## ACTIVITY
All entries are to be transcribed verbatim, but images are not carried over.

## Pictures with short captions
·····

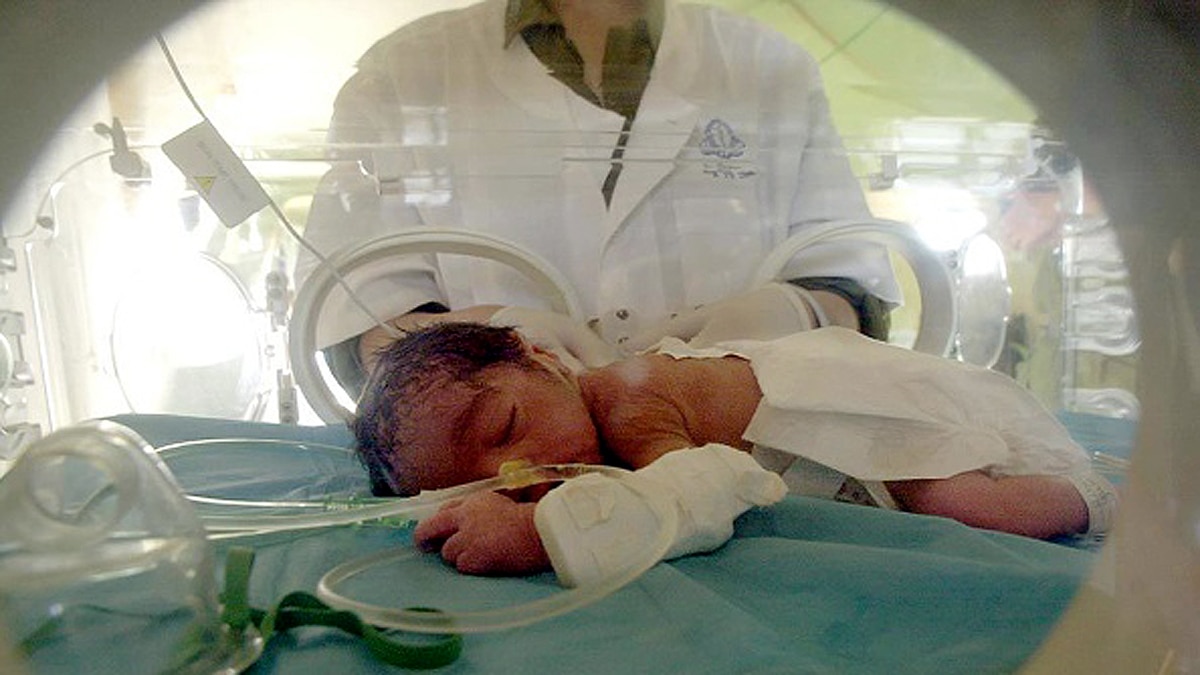 Mermaid Baby born in Hyderabad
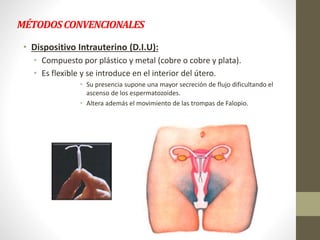 MÉTODOSCONVENCIONALES
• Dispositivo Intrauterino (D.I.U):
• Compuesto por plástico y metal (cobre o cobre y plata).
• Es flexible y se introduce en el interior del útero.
• Su presencia supone una mayor secreción de flujo dificultando el
ascenso de los espermatozoides.
• Altera además el movimiento de las trompas de Falopio.
 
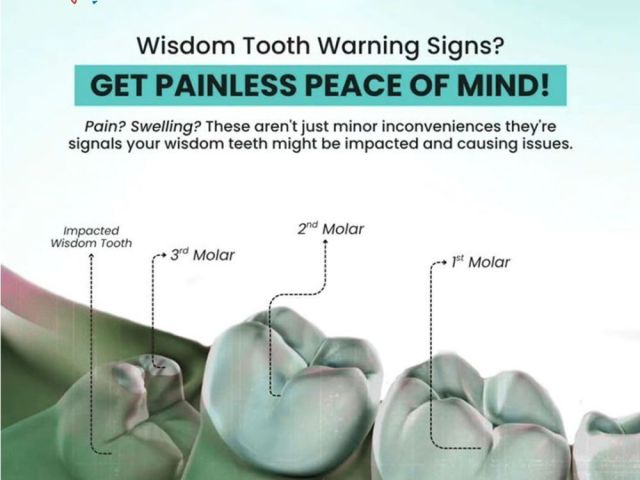 wisdom-teeth-removal-near-me-for-safe-surgical-treatment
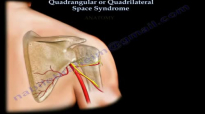 Quadrangular Or Quadrilateral Space Syndrome  Everything You Need To Know  Dr. Nabil E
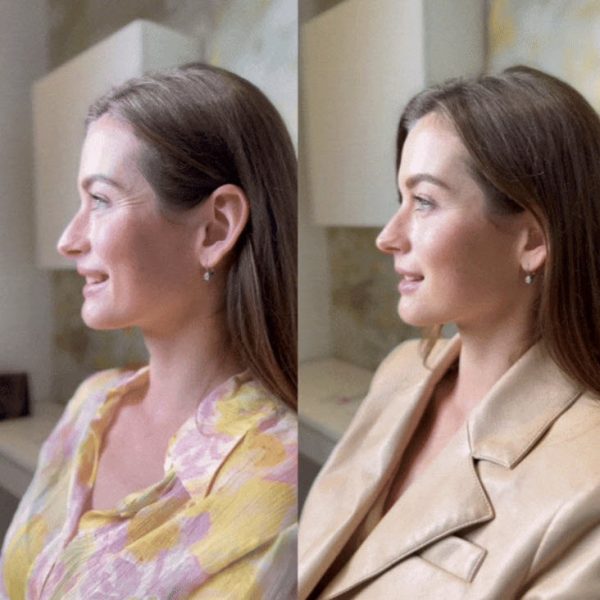 SMILE LINES REDUCTION - RESTYLANE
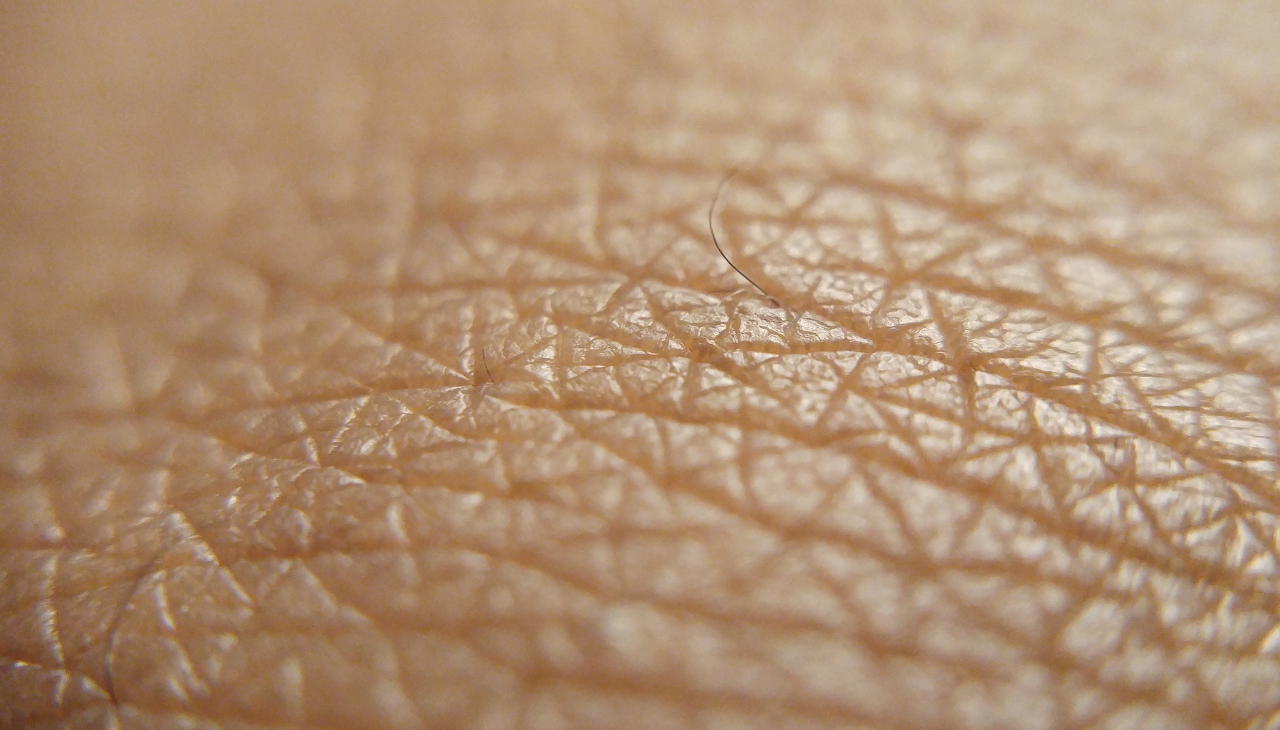 Dry Skin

·····

## EXERCISE RESULT
 Mermaid Baby born in Hyderabad
 MÉTODOSCONVENCIONALES
• Dispositivo Intrauterino (D.I.U):
• Compuesto por plástico y metal (cobre o cobre y plata).
• Es flexible y se introduce en el interior del útero.
• Su presencia supone una mayor secreción de flujo dificultando el
ascenso de los espermatozoides.
• Altera además el movimiento de las trompas de Falopio.
 
 wisdom-teeth-removal-near-me-for-safe-surgical-treatment
 Quadrangular Or Quadrilateral Space Syndrome  Everything You Need To Know  Dr. Nabil E
 SMILE LINES REDUCTION - RESTYLANE
 Dry Skin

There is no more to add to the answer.